I have never been in a Baptist church in Europe that used grape juice.
As I have stated before the seminary here in Prague uses wine from vineyards that were restored centuries ago by German Baptists.
I do not like the taste of alcohol, so I follow the tradition of some by holding the bread and then dipping it into the wine, a tiny bit, and then eating it.
Personally I believe Christ used unleavened bread because that is what was available that night. I also believe it is too much of a logical stretch to say because the bread was unleavened the wine, yes wine, was grape juice as wine has leavening in it. Just IMHO. -
The use of grape juice only came about when Mr. Welch,a Unitarian IIRC, developed grape juice specifically for use in communion. Grape juice doesn't typify the Lord's blood wine does.
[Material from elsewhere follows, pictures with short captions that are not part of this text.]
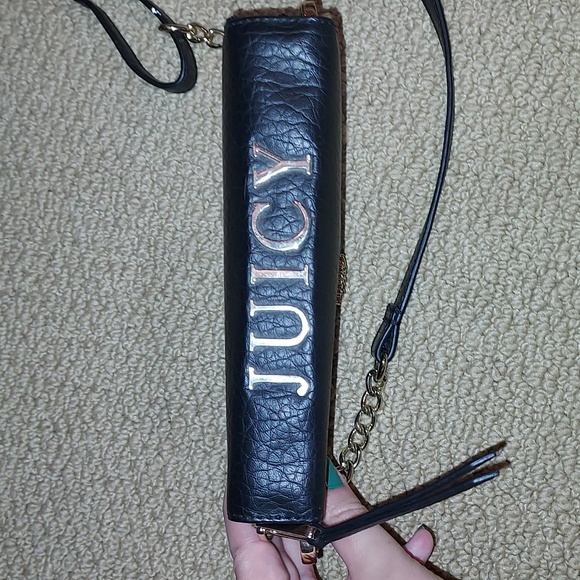 Juicy Couture Crossbody Bag - Picture 6 of 6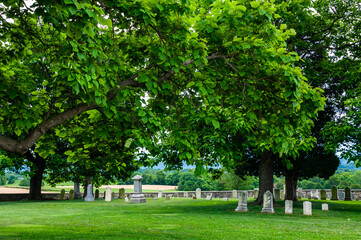 Fototapeta na wymiar The Mumma Cemetery on a Summer Afternoon, Antietam National Battlefield, Maryland, USA, Sharpsburg, Maryland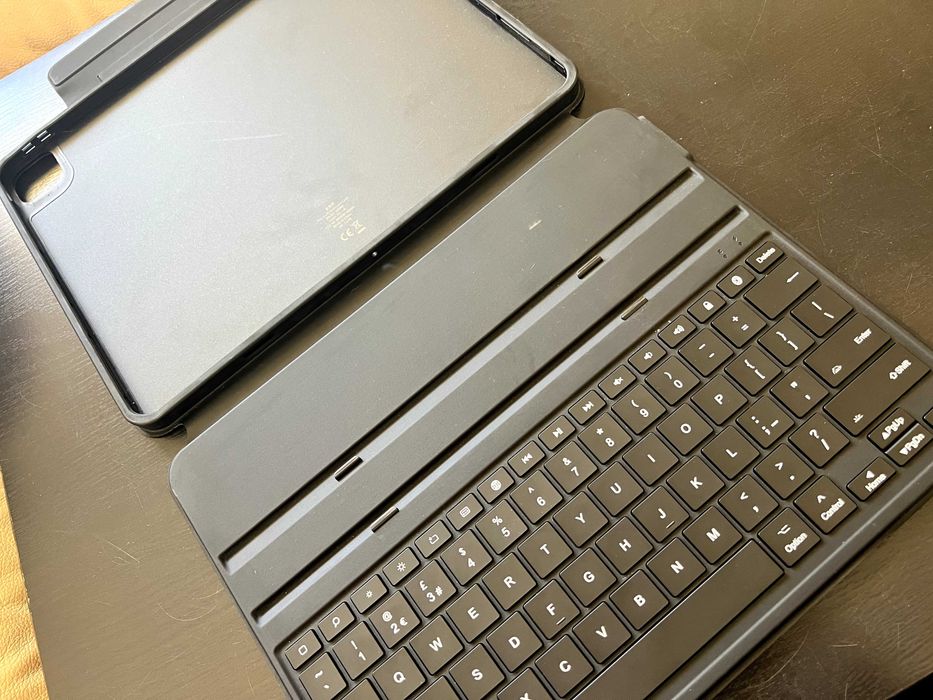 Apple iPad Pro (2022) 256 GB Space Grey + 2 capas + Apple Pencil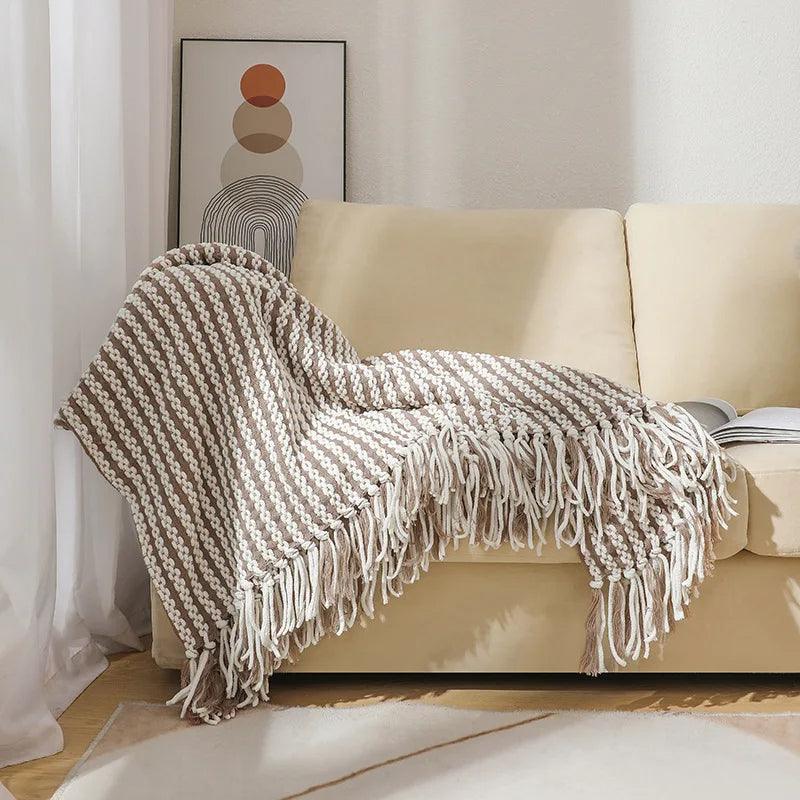 Fluffy Chenille Throw Blanket with Tassels │ Fringe Knitted Blankets for couch decor - Besontique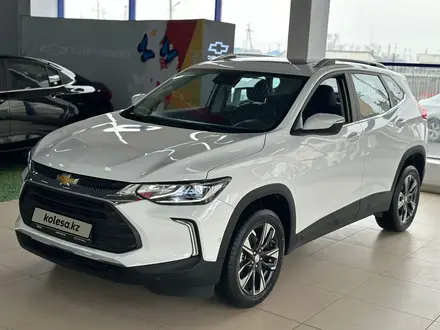 Chevrolet Tracker Premier 2024 года за 10 390 000 тг. в Атырау – фото 3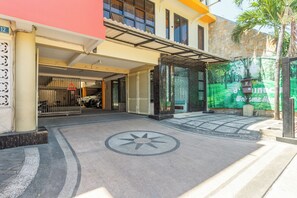 Fachada de la propiedad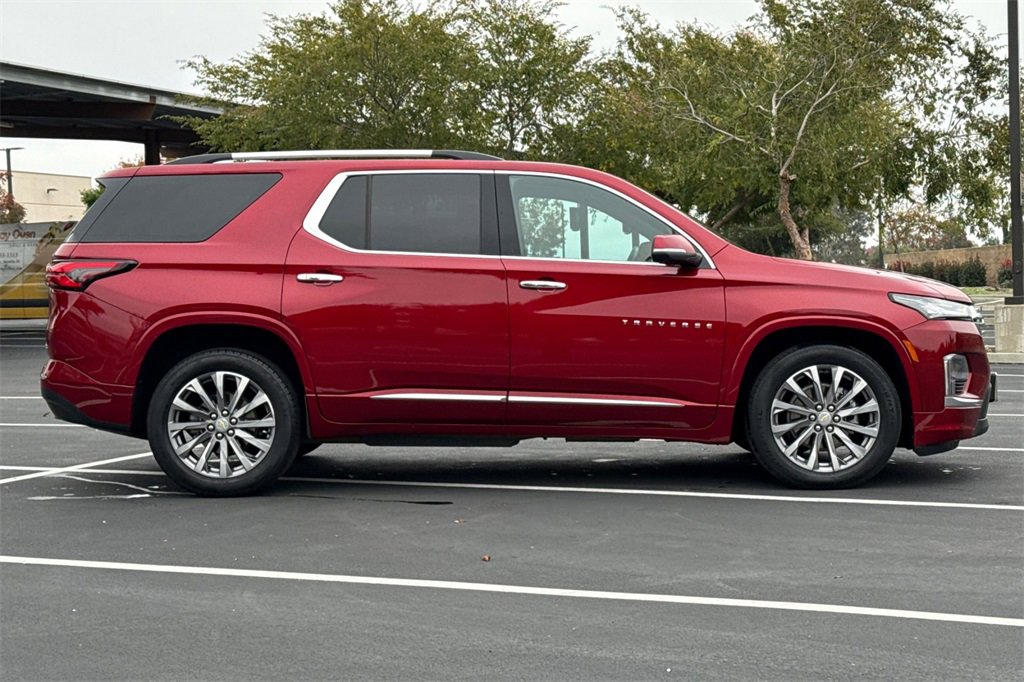 Used 2023 Chevrolet Traverse Premier image 8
The argument that we ought to use grape juice in order for the alcoholic to not be tempted is fallacious. I have never heard of an alcoholic ever returning to abuse of alcohol from taking wine in the Lord's Table. What a faithless generation it is when we can't even trust the Lord to preserve one from not returning to the abuse of alcohol while doing that which He commanded.
We are commanded to examine ourselves before we take the bread and wine but it isn't to see if we have any unconfessed sin, who doesn't, but to see if we are truly trusting Christ alone. If we can honestly say that we believe on Him we may partake.
Not discerning the Lord's body is simply not believing on Christ. It is not believing that His body being crushed under the wrath of God and His blood being shed is enough.